• The task:
Write out an exact copy of the line containing "エグゼクティブスーツスタンド バレットラック ハンガー" and all lines that follow it in the data below, leaving out pictures.

• Information provided:

----------

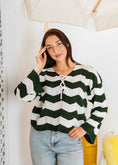 Load image into Gallery viewer, Coastal Chevron Knit Sweate - green

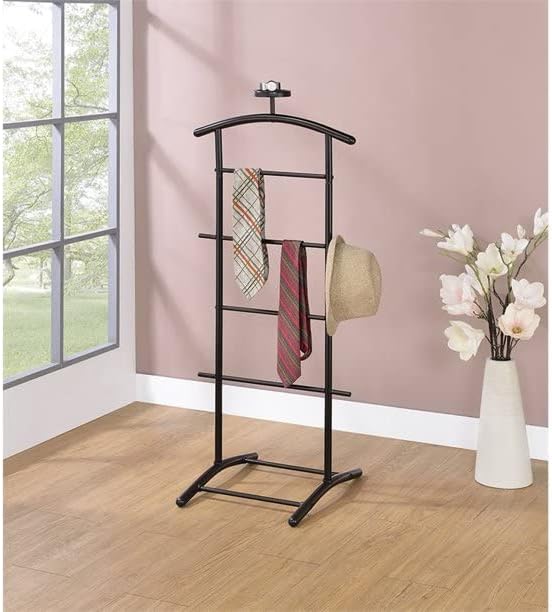 エグゼクティブスーツスタンド バレットラック ハンガー 衣類オーガナイザー メンズ コート バトラースタイル クローム/タブコ モダン ウッド&メタル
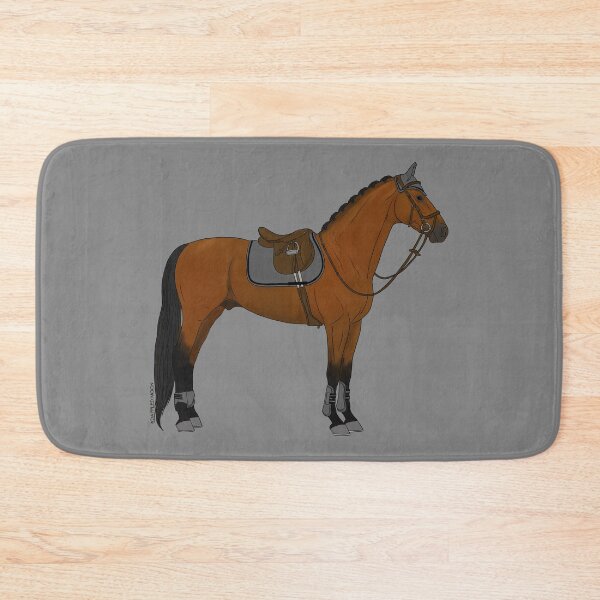 Item preview, Bay Hunter Jumper Horse with Gray Accessories designed and sold by DappledMoon.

----------

• Response:
 エグゼクティブスーツスタンド バレットラック ハンガー 衣類オーガナイザー メンズ コート バトラースタイル クローム/タブコ モダン ウッド&メタル
 Item preview, Bay Hunter Jumper Horse with Gray Accessories designed and sold by DappledMoon.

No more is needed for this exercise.